*What needs to be done*
Transcribe the entries exactly; images are not part of the copy.

*Source material*
= = = = =

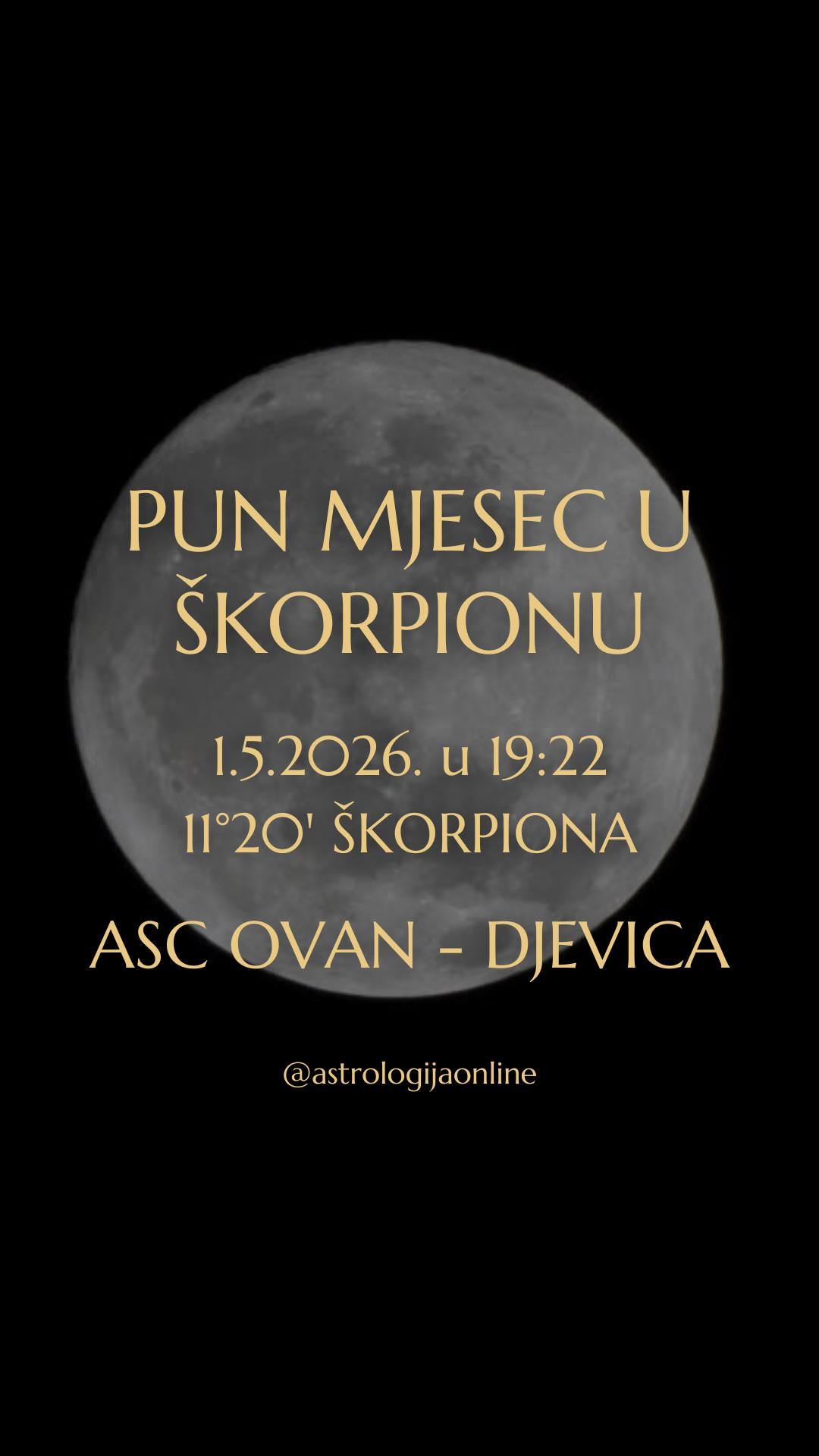 Pun Mjesec 🌕, 1.5. u 19:22, na 11°20' ♏ Škorpiona

Aktivirana je os ♉ Bik – ♏ Škorpion, radi se o fiksnoj osi pa se ne radi o novim okolnostima nego o kulminaciji dugotrajnih procesa, a sad dolazi do razrješenja.

🌕 Mjesec je u ♏ Škorpionu u padu, reaktivan je i nagao. U opoziciji sa ☀️ Suncem u ♉ Biku radi se o sukobu između zadržavanja i očuvanja s jedne strane, i eliminacije i preraspodjele s druge.

Ključnu ulogu ima ♂️ Mars, vladar Škorpiona - njegov položaj i aspekti govore kako će se ova dinamika konkretno manifestirati. U modernom pristupu gledamo i ♇ Plutona, a on može dodatno pojačati pritisak i naglasiti teme kontrole i nemogućnosti izbjegavanja.

Ovaj pun Mjesec aktivira pitanja osobnih i zajedničkih resursa, imovine, dugova, i odnosa koji uključuju razmjenu i obvezu. Radi se o završetku i razotkrivanju postojećih situacija s konkretnim posljedicama koje su rezultat ranijih odluka.

Ako imate planete ili točke u rasponu 7° - 15° fiksnih znakova – ♉ Bik, ♌ Lav, ♏ Škorpion, ♒ Vodenjak – ovaj pun Mjesec se tiče vas.

∞
#AstrologijaDunjaFucak #AstrologijaOnline #PunMjesec #PunMesec #PunMjesecUŠkorpionu #PunMesecUSkorpiji #PunMesecUŠkorpiji #Ovan #PodznakOvan #BikHoroskop #PodznakBik #Blizanci #BlizanciHoroskop #PodznakBlizanac #PodznakBlizanci #ZnakRak #RakHoroskop #PodznakRak #ZnakLav #LavHoroskop #PodznakLav #Djevica #Devica #DevicaHoroskop #PodznakDevica #ScorpioFullMoon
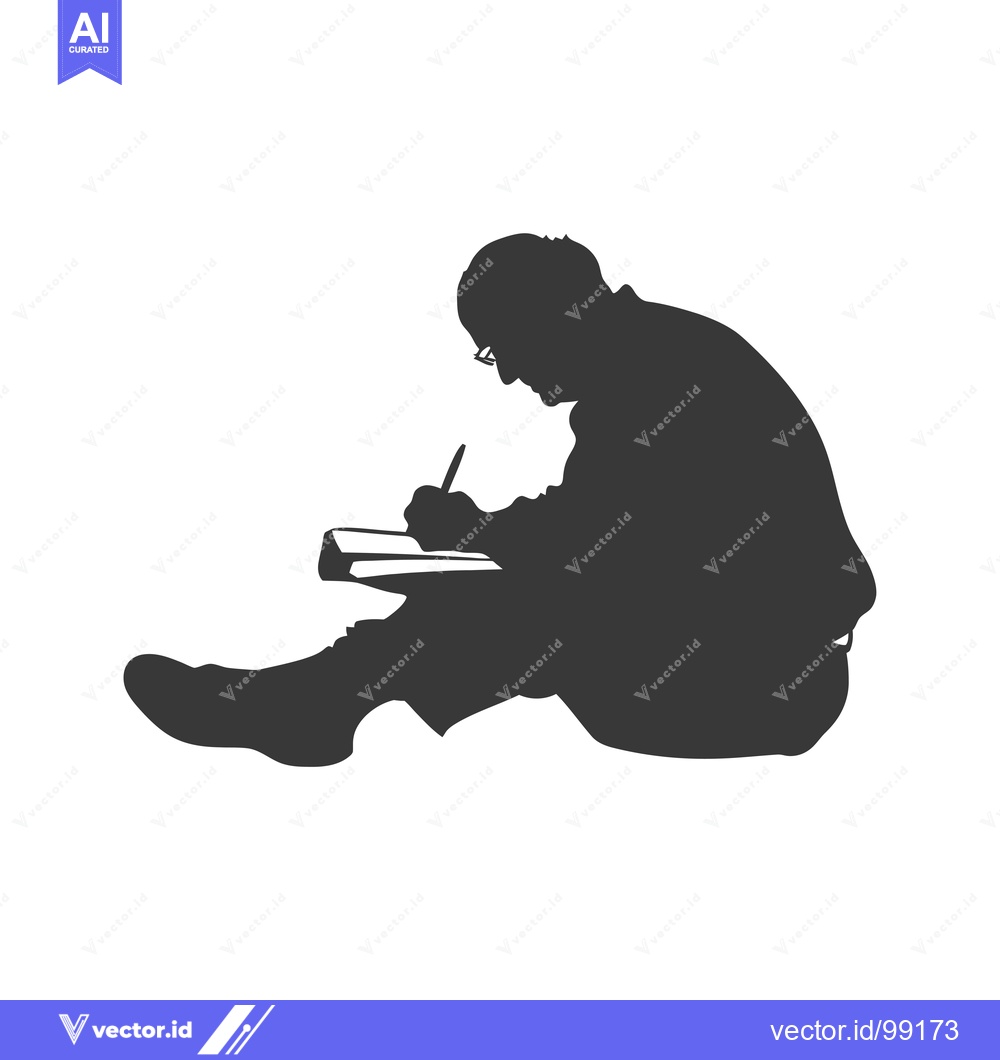 Premium Vector dari Silhouette of a Person Writing in a Notebook While Sitting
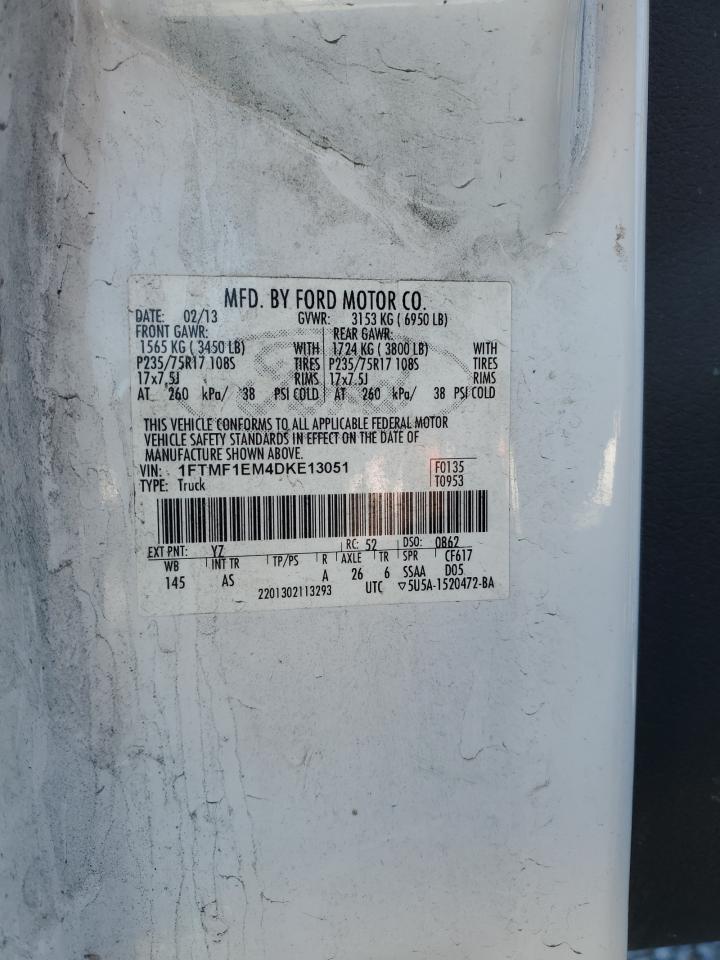 2013 Ford F150 VIN: 1FTMF1EM4DKE13051 Lot: 50920415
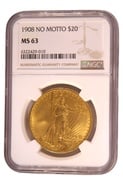 1908 $20 Double Eagle St Gaudens Gold coin Philadelphia no motto NGC MS63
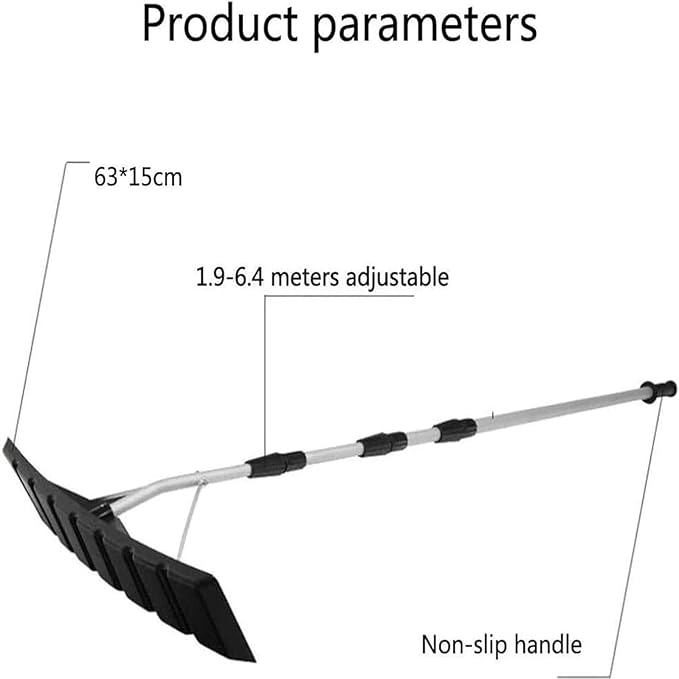 Adjustable 6.2-21ft Lightweight Aluminum Snow Rake - Portable Roof & Solar Panel Snow Removal Tool, Easy Clearing for Seniors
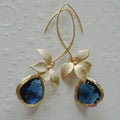 Vintage-Style Blue and Gold-Tone Blossom Earrings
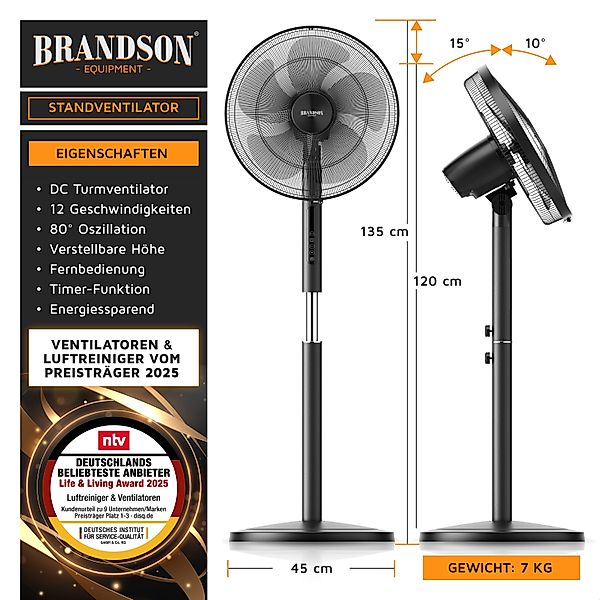 Brandson Standventilator mit Fernbedienung, leise, DC, günstig online kaufen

= = = = =

*Result of this task*
 Pun Mjesec 🌕, 1.5. u 19:22, na 11°20' ♏ Škorpiona

Aktivirana je os ♉ Bik – ♏ Škorpion, radi se o fiksnoj osi pa se ne radi o novim okolnostima nego o kulminaciji dugotrajnih procesa, a sad dolazi do razrješenja.

🌕 Mjesec je u ♏ Škorpionu u padu, reaktivan je i nagao. U opoziciji sa ☀️ Suncem u ♉ Biku radi se o sukobu između zadržavanja i očuvanja s jedne strane, i eliminacije i preraspodjele s druge.

Ključnu ulogu ima ♂️ Mars, vladar Škorpiona - njegov položaj i aspekti govore kako će se ova dinamika konkretno manifestirati. U modernom pristupu gledamo i ♇ Plutona, a on može dodatno pojačati pritisak i naglasiti teme kontrole i nemogućnosti izbjegavanja.

Ovaj pun Mjesec aktivira pitanja osobnih i zajedničkih resursa, imovine, dugova, i odnosa koji uključuju razmjenu i obvezu. Radi se o završetku i razotkrivanju postojećih situacija s konkretnim posljedicama koje su rezultat ranijih odluka.

Ako imate planete ili točke u rasponu 7° - 15° fiksnih znakova – ♉ Bik, ♌ Lav, ♏ Škorpion, ♒ Vodenjak – ovaj pun Mjesec se tiče vas.

∞
#AstrologijaDunjaFucak #AstrologijaOnline #PunMjesec #PunMesec #PunMjesecUŠkorpionu #PunMesecUSkorpiji #PunMesecUŠkorpiji #Ovan #PodznakOvan #BikHoroskop #PodznakBik #Blizanci #BlizanciHoroskop #PodznakBlizanac #PodznakBlizanci #ZnakRak #RakHoroskop #PodznakRak #ZnakLav #LavHoroskop #PodznakLav #Djevica #Devica #DevicaHoroskop #PodznakDevica #ScorpioFullMoon
 Premium Vector dari Silhouette of a Person Writing in a Notebook While Sitting
 2013 Ford F150 VIN: 1FTMF1EM4DKE13051 Lot: 50920415
 1908 $20 Double Eagle St Gaudens Gold coin Philadelphia no motto NGC MS63
 Adjustable 6.2-21ft Lightweight Aluminum Snow Rake - Portable Roof & Solar Panel Snow Removal Tool, Easy Clearing for Seniors
 Vintage-Style Blue and Gold-Tone Blossom Earrings
 Brandson Standventilator mit Fernbedienung, leise, DC, günstig online kaufen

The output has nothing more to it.